Le infrastrutture sono al collasso, specialmente le reti idriche ed elettriche. Milioni di persone non sono in grado di soddisfare i bisogni più elementari a causa della grave carenza di cibo e acqua, di carburante e medicinali, soprattutto a Gaza, dove è ancora in vigore il blocco imposto dal governo israeliano.

Un quadro desolante, descritto dalla Federazione Internazionale delle società della Croce Rossa e della Mezzaluna Rossa (Ifrc). Inoltre, secondo l’ultimo report dell’Ocha, l’Ufficio delle Nazioni Unite per gli affari umanitari, più di 2,4 milioni di persone hanno bisogno di assistenza umanitaria.

Le stime dell’Ocha indicano che nel 2021 le forze israeliane hanno ucciso 68 palestinesi nella Cisgiordania, in netto aumento rispetto agli anni precedenti. Numeri che crescono se parliamo della Striscia di Gaza, dove i morti sono 264. Dall’inizio dell’anno sono invece quasi 14 mila i palestinesi feriti dalle forze israeliane negli Opt, 190 nel solo mese di novembre.

A causa di questo aumento esponenziale di morti e feriti palestinesi, l’Unrwa, Agenzia delle Nazioni Unite per i rifugiati palestinesi, ha chiesto alle forze israeliane di cessare l’uso di munizioni da combattimento contro civili disarmati, che non rappresentano alcun pericolo, e di esercitare la massima moderazione nell’uso della forza di altre armi non letali. L’Unrwa ha chiesto inoltre al governo di Israele di indagare su queste vittime e di ritenere responsabili coloro che violano gli standard internazionali. In quanto forza di occupazione, le forze militari israeliane sono obbligate a proteggere le vite e a garantire la dignità dei palestinesi che vivono sotto il loro controllo.

Lo stato di Israele ha costruito in questi anni più di 280 insediamenti in Cisgiordania, che ospitano più di 440.000 coloni. Di questi insediamenti, 138 sono stati ufficialmente istituiti e riconosciuti, mentre circa 150 sono avamposti non ufficialmente riconosciuti dallo Stato di Israele.

Negli ultimi dieci anni sono stati costruiti circa un terzo degli avamposti, la maggior parte dei quali viene denominata “fattorie”. I dati contenuti nell’ultimo report stilato dalla Ong israeliana B’Tselem non lasciano dubbi: gli insediamenti israeliani in Cisgiordania dominano ormai centinaia di migliaia di dunam (dove 1 dunam vale mille metri quadri) a cui i palestinesi hanno accesso limitato o non ne hanno affatto.

Il documento, dal titolo “Affari di Stato: appropriazione indebita di terra da parte di Israele in Cisgiordania attraverso la violenza dei coloni”, presenta cinque casi studio che illustrano inoltre come la violenza, continua e sistemica inflitta dai coloni israeliani, sia parte della politica ufficiale di Israele che guida l’acquisizione massiccia di terreni agricoli e pascoli palestinesi.

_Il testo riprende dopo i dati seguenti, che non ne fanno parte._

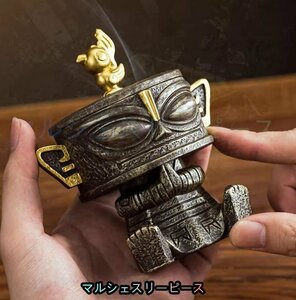 香炉　三星堆　銅人　置物　鑑賞　セラミック製　工芸品　美術品　新品未使用　箱付き　ギフトY38031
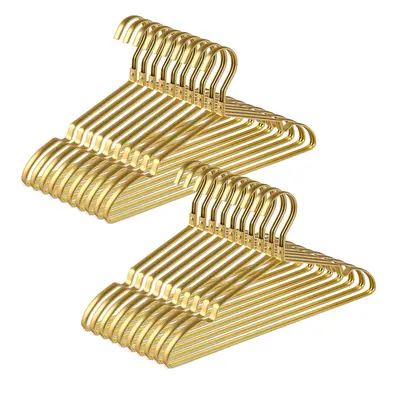 (Gold 20pcs) 42cm Premium Matte Gold Aluminum Clothes Hangers 20pcs, Ultra Smooth and Durable Me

Nelle testimonianze raccolte nell’ambito della ricerca, i palestinesi descrivono come questa violenza minacci le fondamenta della vita quotidiana. Le comunità palestinesi si vedono infatti costrette ad abbandonare o ridimensionare attività come l’allevamento di pecore e capre, o delle varie colture stagionali, che hanno permesso loro di vivere dignitosamente per generazioni

Sempre l’inviato delle Nazioni Unite ha recentemente ricordato come «tutti gli insediamenti sono illegali secondo il diritto internazionale e rimangono un ostacolo sostanziale alla pace». Ha inoltre evidenziato come i piani israeliani per la costruzione di unità abitative nella zona E1, adiacente alla parte nord-est di Gerusalemme Est, “reciderebbero il collegamento tra il nord e il sud della Cisgiordania, minando in modo significativo le possibilità di stabilire uno Stato palestinese vitale e contiguo come parte di una soluzione negoziata a due Stati”.